原則として、合理性はタイプ1の幸福と関係している。経済学の標準的な理論には「意味」のようなものが存在しないからである。経済学の標準理論では、瞬間的な幸福を最大化することが目的になる。
しかし、瞬間的な幸福についてさえ、我々は何が自分を幸せにするかを判断するのが得意ではない。なぜなら、もし人間が完璧に合理的であれば、どんなものが自分を幸せにするかわかっているはずだからである。
一方で、タイプ2の幸福は完全に不合理だが、良い意味で不合理である。私たちは時折、合理的=良いことと同一視するが、合理性が常に良いとは限らない。詩も芸術もすべて、ある意味では不合理である。人間の寛大さは不合理である。我々は非合理的な動機をたくさん持っている。そして、大事なのは、こうした非合理な動機が素晴らしいものだということ。私たちはただ、こうした動機を良い形で結びつける必要がある。
他人を自分の効用関数に組み込み、意味を見つける
知識経済がこの世界に占める割合が高まっていくにつれて、タイプ2の幸福に入るあらゆることを私たちの日常に持ち込むチャンスが生まれた。タイプ2の幸福は、良い意味で不合理であり、私たちはそれを理解して日々の生活に加えていくことが大切である。
私たちは本質的に社会的な動物である。私たちは他人という社会的存在を取り上げ、経済学で言うところの自分の「効用関数」に組み込む。これが進化論的にとても重要になる。

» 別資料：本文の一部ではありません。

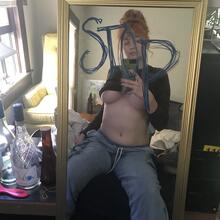  Nude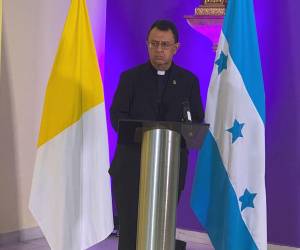 El portavoz de la Conferencia Episcopal de Honduras, Juan Ángel López, dando lectura pública al mensaje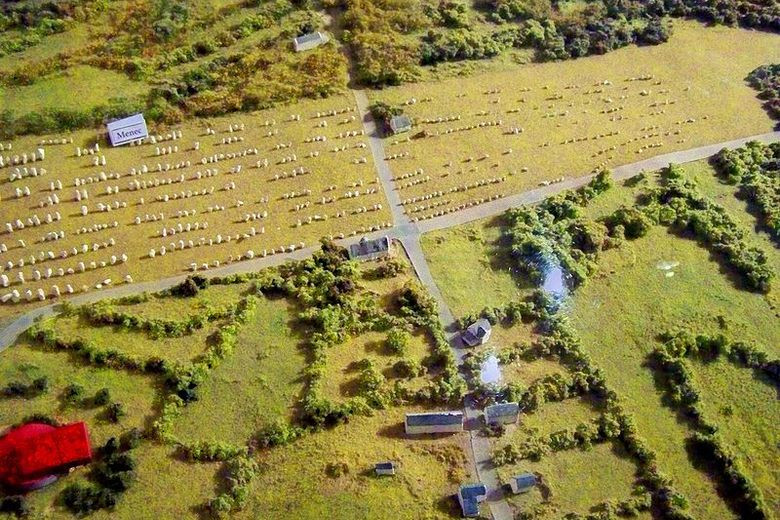 Trong suốt nhiều năm, giới nghiên cứu nỗ lực giải mã mục đích người xưa dựng hơn 3.000 cột đá Carnac để làm gì. Trong số này, một giả thuyết cho rằng, người xưa dựng những cột đá đó nhằm báo hiệu động đất.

意味というものは他人の効用を良い意味で自分自身の効用に組み込むことから生じる。一部は遺伝的なものかもしれないし、一部は学ぶものかもしれない。他人を自分の効用関数に組み込んだ瞬間に、人に見られているかどうかは関係なくなる。突如、自分の判断が「これは社会のためになる」というものになる。私たちを深い意味で人間らしくしている要素の1つは、他人の効用を自分の効用関数に組み込む能力である。